Overall, Mackowitz believed that working with her fellow employees remotely was easier than working from home alone. “Three people from my team were there. So if I needed something quickly, I could just grab them in-person, versus setting up like a Google Hangout, or slacking them back and forth,” she said.

Mackowitz also said that if she could change anything about the trip, she would make it longer than five days. If the Flymates had the weekend, they could have gone on a hike in the surrounding area or explored the Sunday River Ski Resort nearby.

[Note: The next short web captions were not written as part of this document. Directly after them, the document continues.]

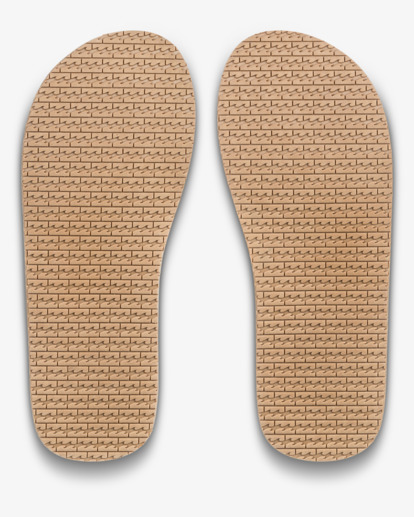 All Day - Flip-Flops for Men  EBYL100030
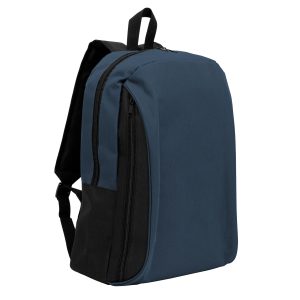 Mochila Umea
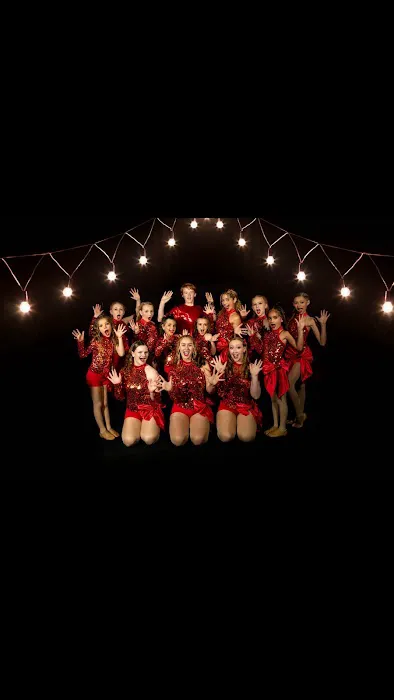 Expressions Dance Company Picture 4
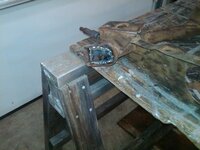 IMG01040-20121124-1934.jpg IMG01040-20121124-1934.jpg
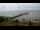 Webcam in Jurata, 190.2 km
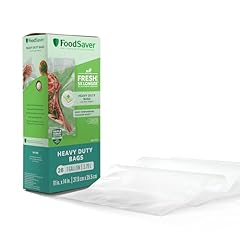 Foodsaver heavy duty for sale  Delivered anywhere in USA 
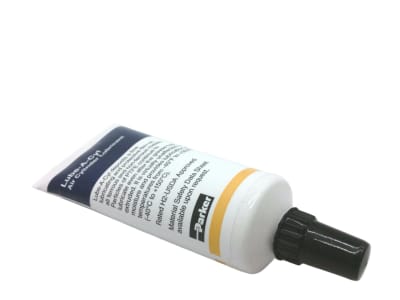 PARKER 0761630000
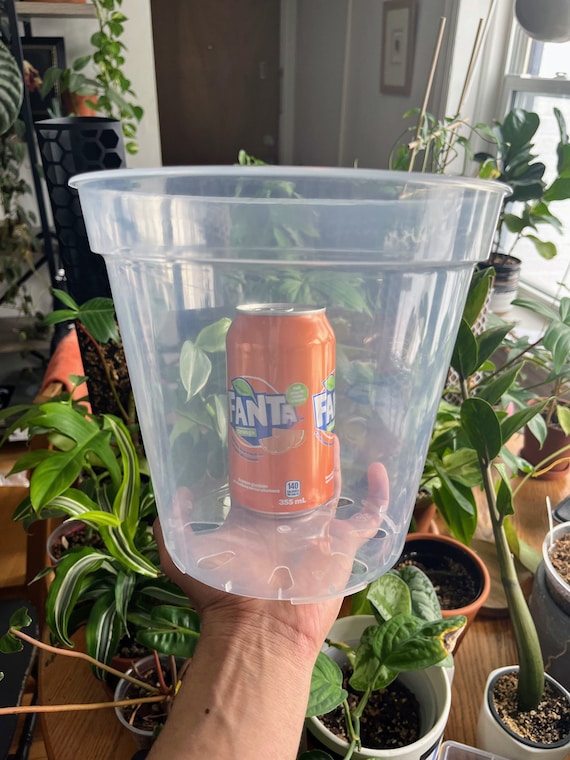 20 inch pots for plants deals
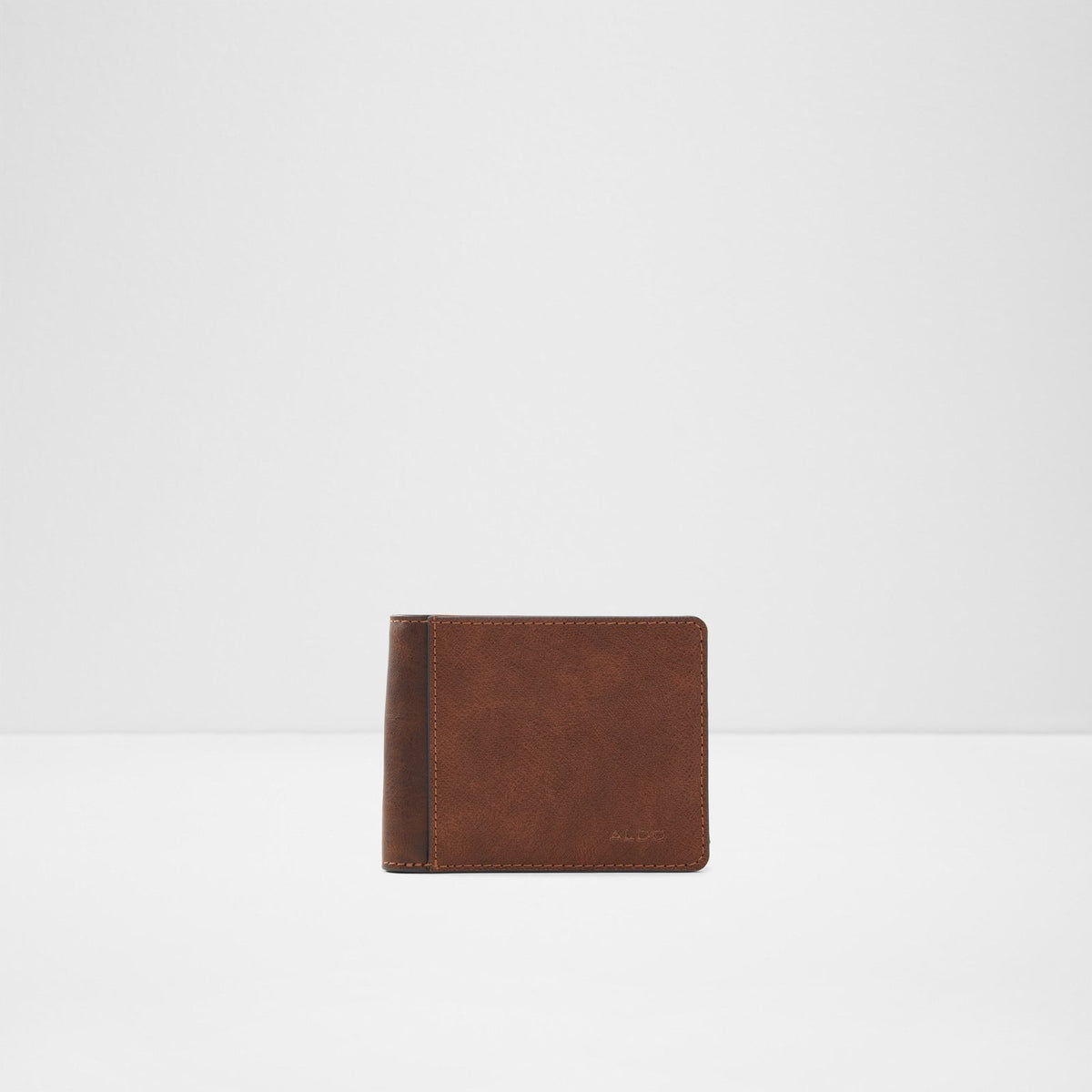 Banmoor - Brown (200) - square image
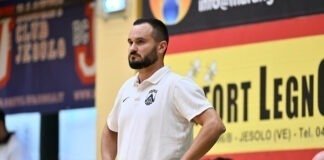 Adriano Vertemati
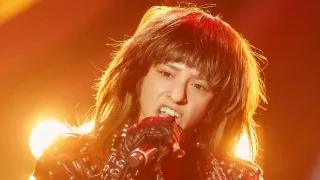 Tvoje tvář má známý hlas IX (7)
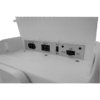 MALA TÉRMICA ELÉTRICA 24L 12V ELECTRICAL COOLER BOX 24L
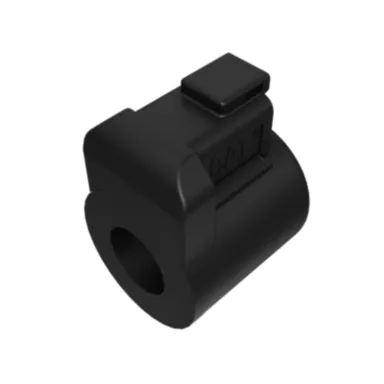 613-3038: Bobina solenoide 24 Volt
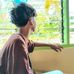 Kelly Asher Malik - Facebook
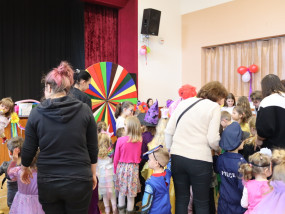 maskarni-karneval-2026-102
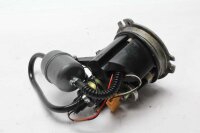 Bränslepump, bensinpump med filter 6F1-A2 00170...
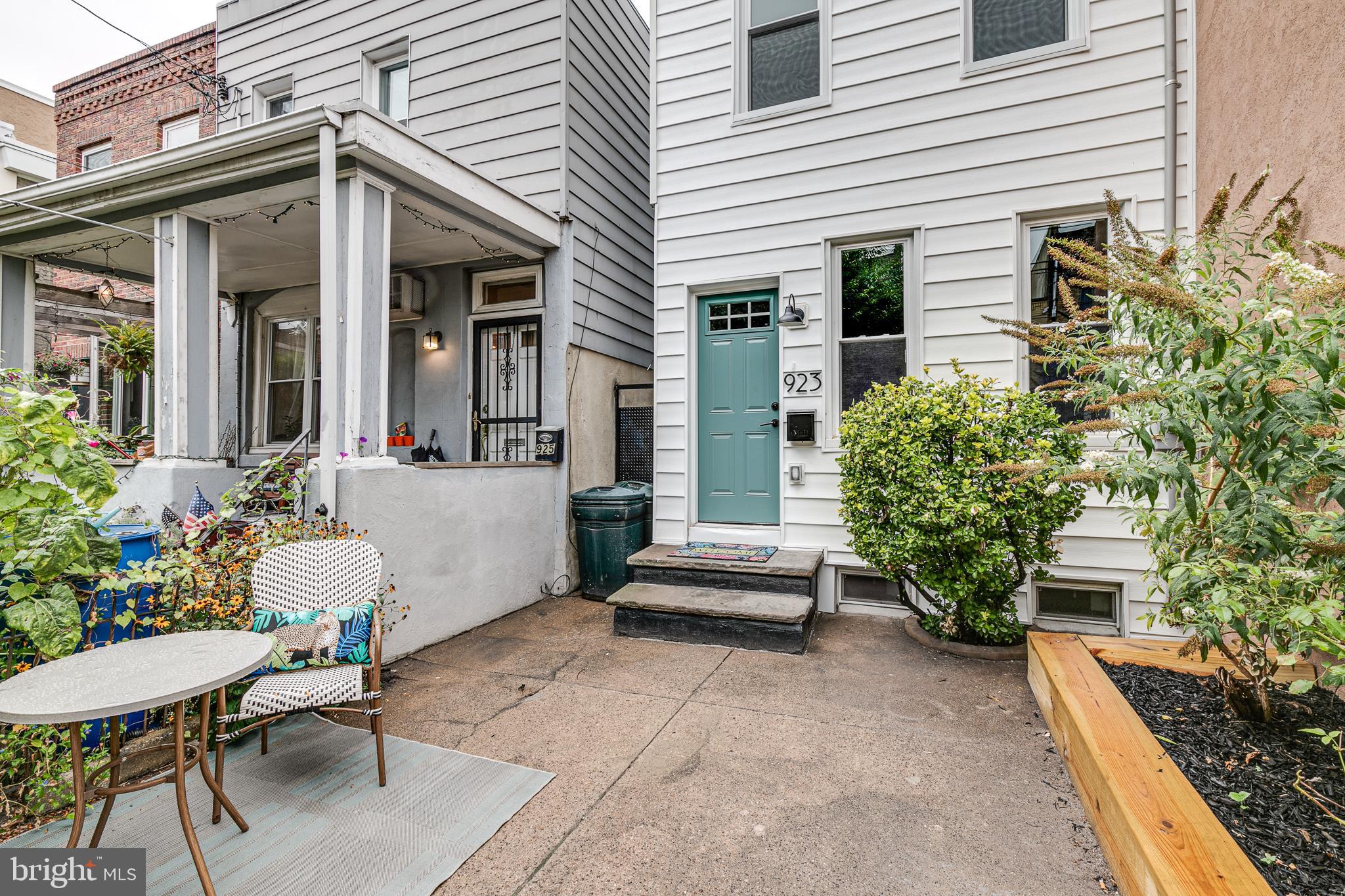 923 Tasker Street Philadelphia, PA 19148 - Photo 4 of 56 Gallery Image 4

The company already has three more Fly Lodge experiences lined up, including one in Vermont in March. Mackowitz will be attending the Vermont trip, and she mentioned that this excursion is set up a little differently than the last. Instead of renting a house for one week, Flywire rented a place for two weeks, which will allow more employees to attend. There will be two groups of employees going on the trip—group one will be at the house for one week and then they’ll leave and group two will arrive for the second week. Two of the company’s global offices are also planning trips—one in Tel Aviv, Israel and one in Cluj, Romania. No matter where the Flymates are, they will be following all COVID guidelines before and during their travels.

And even though the first Fly Lodge only happened a few months ago, the original Flymates are already planning a reunion. “We have a joke that in a year we’ll have like a reunion or something, and hopefully, by then the COVID restrictions will be a little less strict,” said Mackowitz.